Originally Posted by infoman:
“May be regulations require TV companies to do things that perhaps they would rather not do but as such regulations don't exist for DVD release they can forget they ever did it for TV.”
The reason it's not done for DVDs is that you'd need double the number of discs.
It's not possible to just overlay an image of someone signing onto the episodes as they are, it has to be a full encode of the episodes with the signer included over the image.
So a six DVD set would suddenly have to be twelve discs. That has serious packaging and costs implications - particularly when the vast majority of people buying the product will have to pay a premium for half the product they don't need. Not forgetting paying for the signing, encoding twice as many episodes, and authoring twice as many discs.
Even if it were possible to overlay the signer onto the picture for a DVD, there wouldn't be room on the discs for the extra image information required, so again you'd need more discs.
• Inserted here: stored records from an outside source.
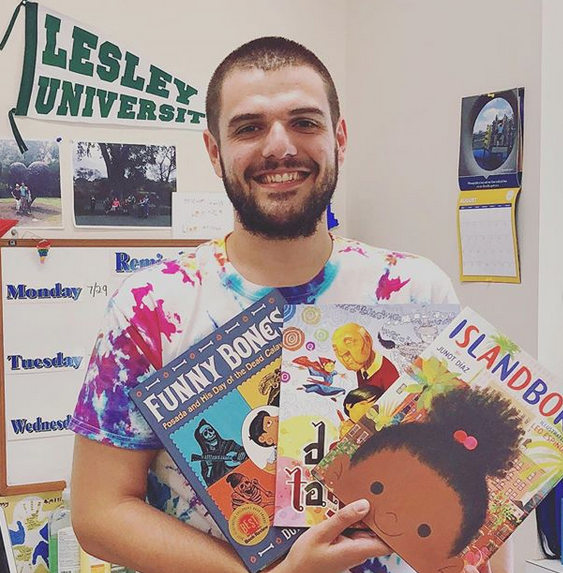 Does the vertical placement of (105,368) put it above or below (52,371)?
above

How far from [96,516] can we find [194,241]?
39.7 inches

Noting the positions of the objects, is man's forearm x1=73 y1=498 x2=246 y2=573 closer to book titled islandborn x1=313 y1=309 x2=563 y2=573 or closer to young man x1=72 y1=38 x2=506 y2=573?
young man x1=72 y1=38 x2=506 y2=573

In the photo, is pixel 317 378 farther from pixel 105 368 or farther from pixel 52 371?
pixel 52 371

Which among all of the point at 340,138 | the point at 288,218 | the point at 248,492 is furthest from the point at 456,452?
the point at 340,138

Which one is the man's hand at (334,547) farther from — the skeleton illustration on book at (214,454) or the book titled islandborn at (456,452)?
the skeleton illustration on book at (214,454)

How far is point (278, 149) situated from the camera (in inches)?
37.5

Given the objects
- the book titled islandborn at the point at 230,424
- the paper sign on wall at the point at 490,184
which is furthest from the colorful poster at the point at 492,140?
the book titled islandborn at the point at 230,424

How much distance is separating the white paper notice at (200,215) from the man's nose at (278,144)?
92 cm

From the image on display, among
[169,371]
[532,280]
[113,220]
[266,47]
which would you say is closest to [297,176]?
[266,47]

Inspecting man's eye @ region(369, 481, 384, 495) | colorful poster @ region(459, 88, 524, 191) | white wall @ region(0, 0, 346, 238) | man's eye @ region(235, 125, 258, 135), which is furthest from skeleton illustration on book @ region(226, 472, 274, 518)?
white wall @ region(0, 0, 346, 238)

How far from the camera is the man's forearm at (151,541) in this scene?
92cm

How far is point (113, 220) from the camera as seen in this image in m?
1.79

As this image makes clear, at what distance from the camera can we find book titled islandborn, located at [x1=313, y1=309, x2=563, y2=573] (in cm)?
85

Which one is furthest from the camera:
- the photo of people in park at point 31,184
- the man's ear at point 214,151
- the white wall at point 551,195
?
the photo of people in park at point 31,184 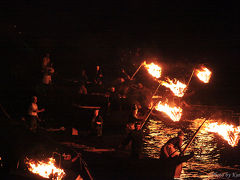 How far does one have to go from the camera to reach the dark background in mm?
21734

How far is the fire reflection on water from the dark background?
→ 5.45m

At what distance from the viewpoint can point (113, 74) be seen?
21609 mm

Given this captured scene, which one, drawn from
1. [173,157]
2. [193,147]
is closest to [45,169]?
[173,157]

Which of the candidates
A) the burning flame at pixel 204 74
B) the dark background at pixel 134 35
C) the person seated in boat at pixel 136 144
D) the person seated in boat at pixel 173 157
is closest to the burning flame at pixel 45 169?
the person seated in boat at pixel 136 144

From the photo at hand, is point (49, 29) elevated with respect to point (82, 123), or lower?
elevated

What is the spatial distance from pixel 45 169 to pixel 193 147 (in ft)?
24.4

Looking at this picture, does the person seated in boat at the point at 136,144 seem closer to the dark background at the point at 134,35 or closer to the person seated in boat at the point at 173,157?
the person seated in boat at the point at 173,157

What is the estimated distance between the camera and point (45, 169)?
29.5ft

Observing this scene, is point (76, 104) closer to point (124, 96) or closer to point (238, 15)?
point (124, 96)

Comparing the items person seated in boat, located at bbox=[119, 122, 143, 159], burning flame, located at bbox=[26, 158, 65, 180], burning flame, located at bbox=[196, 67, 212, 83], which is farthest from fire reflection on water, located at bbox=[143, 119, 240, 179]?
burning flame, located at bbox=[26, 158, 65, 180]

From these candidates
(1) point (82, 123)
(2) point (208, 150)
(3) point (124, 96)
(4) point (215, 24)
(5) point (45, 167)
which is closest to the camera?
(5) point (45, 167)

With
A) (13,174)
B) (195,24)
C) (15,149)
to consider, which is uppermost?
(195,24)

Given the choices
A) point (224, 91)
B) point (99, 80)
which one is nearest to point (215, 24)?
point (224, 91)

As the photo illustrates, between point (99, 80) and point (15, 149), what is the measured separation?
10.6 meters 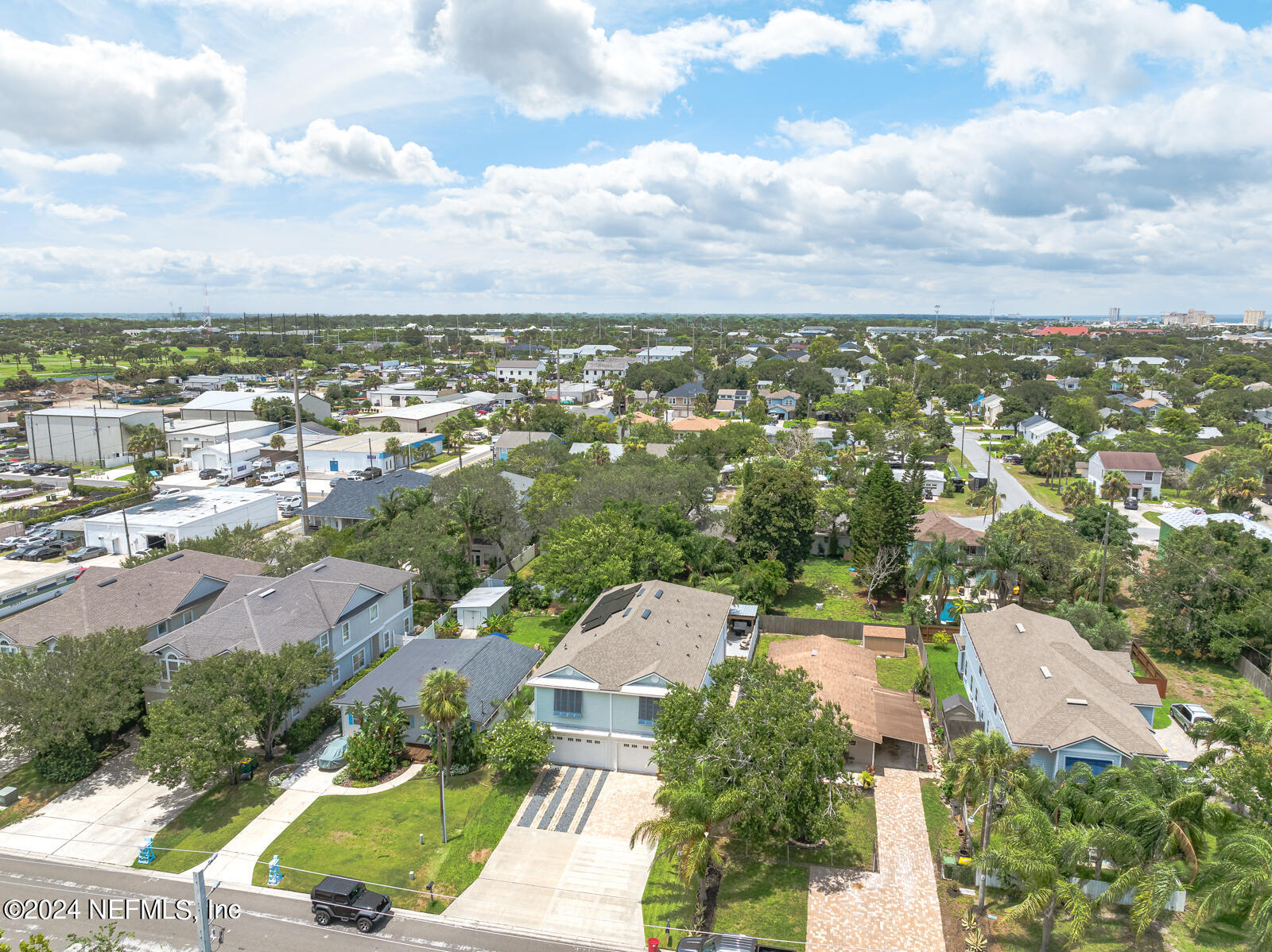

As to why the audio commentaries don't have subtitles, that's again down to cost - it's why a lot of budget labels don't even have subtitles on the main feature. It adds massively to the expense, even to the extent that it could make the release unviable.
DVD and Blu-ray releases of BBC programmes are different these days as I believe there's a requirement for anyone releasing them to provide subtitles. Commentaries are a whole different ball game as they're only extras.
But again, if you've commentaries on every episodes that doubles the amount of subtitling work that needs to be paid for, and it's worth bearing in mind that a lot of people really don't like commentaries. Or extras, come to that!
You'd have to start catering to a minority of the commentary-listening minority of the minority of people who actually go out and buy the product. That can be justified for a blockbuster that'll sell hundreds of thousands of copies worldwide, or even millions, but for a medium-sized TV series it could easily break the budget.